Maße ohne Standfuß 809 x 365 x 130 mm (B x H x T)
Maße mit Standfuß 809 x 505 x 334 mm (B x H x T)
Gewicht 8,75 kg
Display-Größe 34“
Auflösung UWQHD / 3440 x 1440 Pixel
Wiederholrate 144 Hz
Kontrast 3.000:1
Panel VA (Samsung)
Helligkeit 300 (± 30) cd/m²
Farben 16,7 Millionen
Krümmung 1.500 R
Reaktionszeit 8,4 ms in der Bildmitte
Preis € 427,02 *

Lieferumfang und Montage

Geliefert wird der Bildschirm in einem relativ großen Karton, auf dessen Vorderseite neben dem Herstellerlogo auch der Monitor selbst abgebildet ist. Der Karton ist durchaus schwer: Insgesamt wiegt er beinahe 12 Kilogramm. Neben dem Monitor finden sich in ihm der flexible Standfuß, Abstandshalter zur Befestigung an einer VESA-Halterung, ein Strom- und ein DisplayPort-Kabel, ein Schraubendreher und Schrauben zur Befestigung des Standfußes. Alle zur Montage des Monitors benötigten Gegenstände sind damit im Lieferumfang enthalten, was einen ersten Pluspunkt darstellt.

Aufgebaut ist das Gerät indes schnell. Zunächst muss die dreiteilige Monitorhalterung, mit der der Bildschirm am Standfuß befestigt wird, zusammengesetzt werden. Hierzu werden die mitgelieferten Schrauben benötigt. Die Schraube für die Verbindung von Monitorfuß und -ständer ist bereits im Fuß eingedreht und kann einfach per Hand festgeschraubt werden.

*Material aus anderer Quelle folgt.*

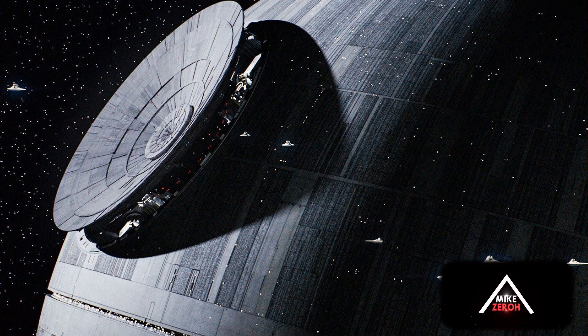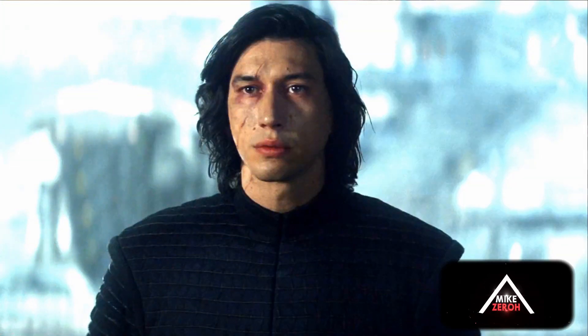The First Order Annihilators are the new super weapons in Episode 9. They are basically new versions of the World Devastators from the EU — large weapons powered by third Death Star technology that are attached to large Star Destroyers and beam down to planets. This also gives us an idea of where things are going for Episode 9 and the future of the Star Wars franchise and canon material throughout 2020, when we'll learn more about everything that comes between these Star Wars movies.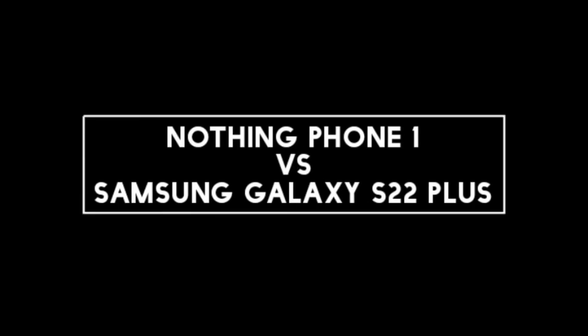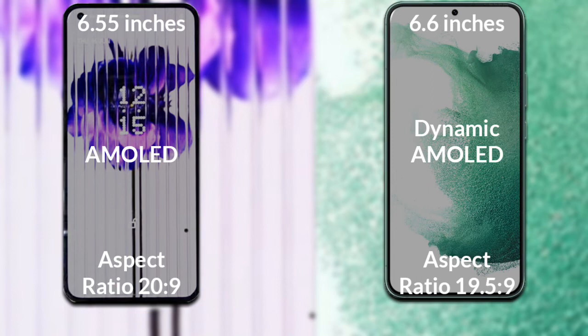I will compare the new Nothing Phone 1 with the Samsung Galaxy S22 Plus. Let's talk about the display. Nothing Phone 1 has a 6.55 inch Full HD AMOLED display with a 20:9 aspect ratio. Samsung Galaxy S22 Plus has a 6.6 inch Full HD Dynamic AMOLED display with a 19.5:9 aspect ratio.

Anders sieht es bei der Verbindungsplatte zum Monitor aus, diese muss zunächst auf den Monitorständer gesteckt werden und anschließend mit zwei Schrauben fixiert werden. Hierzu benötigt man auch den mitgelieferten Schraubendreher. Zum Schluss kann der Bildschirm einfach auf die Halterung geschoben und eingeklickt werden. Die Verbindung ist fest und wackelt nicht, kann aber einfach per Tastendruck wieder gelöst werden.

Design und Verarbeitung

Einmal aufgebaut präsentiert der Monitor sich recht beeindrucken. Das 21:9-Format ist immer noch eine Seltenheit, obwohl es vor allem im Gamingbereich einige Vorteile mit sich bringt. Doch nicht nur die Länge des Bildschirms, sondern auch seine leichte Krümmung tragen dazu bei, dass er einen guten ersten Eindruck hinterlässt.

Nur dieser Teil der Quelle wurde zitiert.